Kann man sich in den anderen ein zweites Mal verlieben? Kennt man den anderen beim zweiten Mal nicht viel zu gut? Setzt Verlieben nicht voraus, daß man den anderen noch nicht kennt, daß er noch weiße Flecken hat, auf die man eigene Wünsche projizieiren kann?… Oder gibt es Liebe ohne Projektion?

Can you fall in love with the same person twice? Don’t you know the other person far too well the second time round? Doesn’t falling in love assume that you don’t quite know the other, that there are blank spots in which you can project your own dreams?… Or is there such a thing as love without projection? (my translation)

LiebesfluchtenYet my favourite two stories are more overtly political: they are about the clash of two cultures, two ideologies, as well as two people in love (or friendship). In ‘A Little Fling’ (ironic title – ‘Der Seitensprung’ in the original is slightly more neutral), it’s about the friendship between a West German man and an East German family, the betrayals on both sides – personal, political – and the question whether we can maintain a relationship even after we become aware of the betrayals. Can we still live with someone when we know them all too well, know even the worst that they are capable of?

Alle Ost-West-Geschichten waren Liebesgeschichten, mit den entsprechenden Erwartungen und Enttäuschungen. Sie lebten von der Neugier darauf, was am anderen fremd war, von dem, was er hatte und man selbst nicht… Wieviel gab es davon! Genug, um aus dem Winter, als die Mauer fiel, einen Frühling ost-west-deutscher Liebesneugier zu machen. Aber dann war, was fremd und anders und weit weg war, auf einmal nah, gewöhnlich und lästig…

All East-West stories were love stories, with the same expectations and disappointments. They thrived on the curiosity about what made the other different, what they had that we did not have… So many such stories! Enough, to make a spring of east-west German love-hunger out of wintry landscape of the Fall of the Wall. But then everything that was foreign, different and distant became, all of a sudden, close, common and annoying… (my translation)

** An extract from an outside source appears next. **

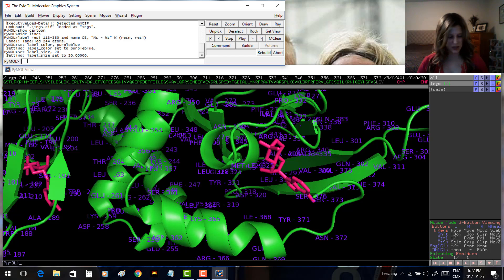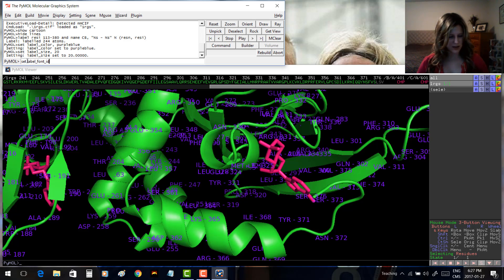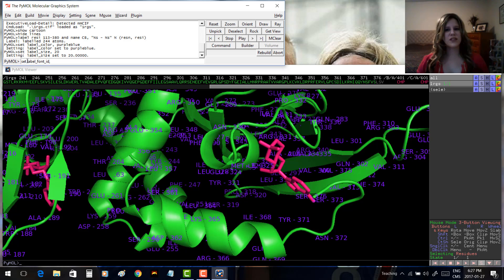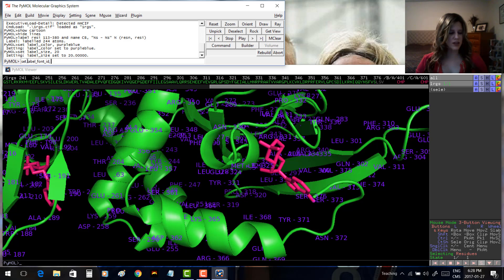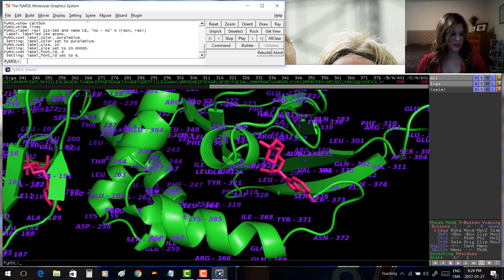Maybe you don't like the font and want to change it. Type 'set label_font_id,' followed by a number for the font. You can look online to see which number corresponds to which font — you can choose between numbers 5 to 14 for different fonts, and fonts 15 and 16 are Unicode fonts. For example, let's choose font 8, which looks a little different from what we had before.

‘The Circumcision’ shows a young German man trying to come to grips with his cultural heritage when he falls in love with an American Jew. In several interesting dialogues between the couple and their friends and relative, we discover how deep-rooted prejudices can be. The man, Andi, riles against his girlfriend’s declaration that she loves him ‘in spite of him being German’. He reproaches her family for not being at all genuinely curious about him: ‘You meet me above all with prejudice. You know everything about the Germans, ergo, you know everything there is to know about me.’ And ultimately, self-censorship creeps into their relationship – so many subjects they dare not discuss openly, so many trigger points they have to be careful to avoid, so many opinions they dare not voice.

Bernhard_Schlink
From http://www.daad.de

Schlink is a very different writer from Alois Hotschnig, and not just in subject matter. His stories very much anchored in reality, there are only flights of fancy in his stories, not flights into surrealistic landscapes. He is also much less ‘slant’ in style: he tackles subjects head-on, he introduces quite explicit (sometimes unrealistically so) dialogue and does not shy away from underlining a point, to make sure the reader gets the message. He is a writer of ideas, one to provoke discussions at book clubs or to cause one to ruminate about one’s own life, rather than one to admire stylistically or to seek to emulate. I can’t say I was uniformly delighted by all of these stories, but I rather admire the fact that there is no neat ending to most of the stories. For such an emphatic writer, it must have been hard to abstain from tying up all the loose ends.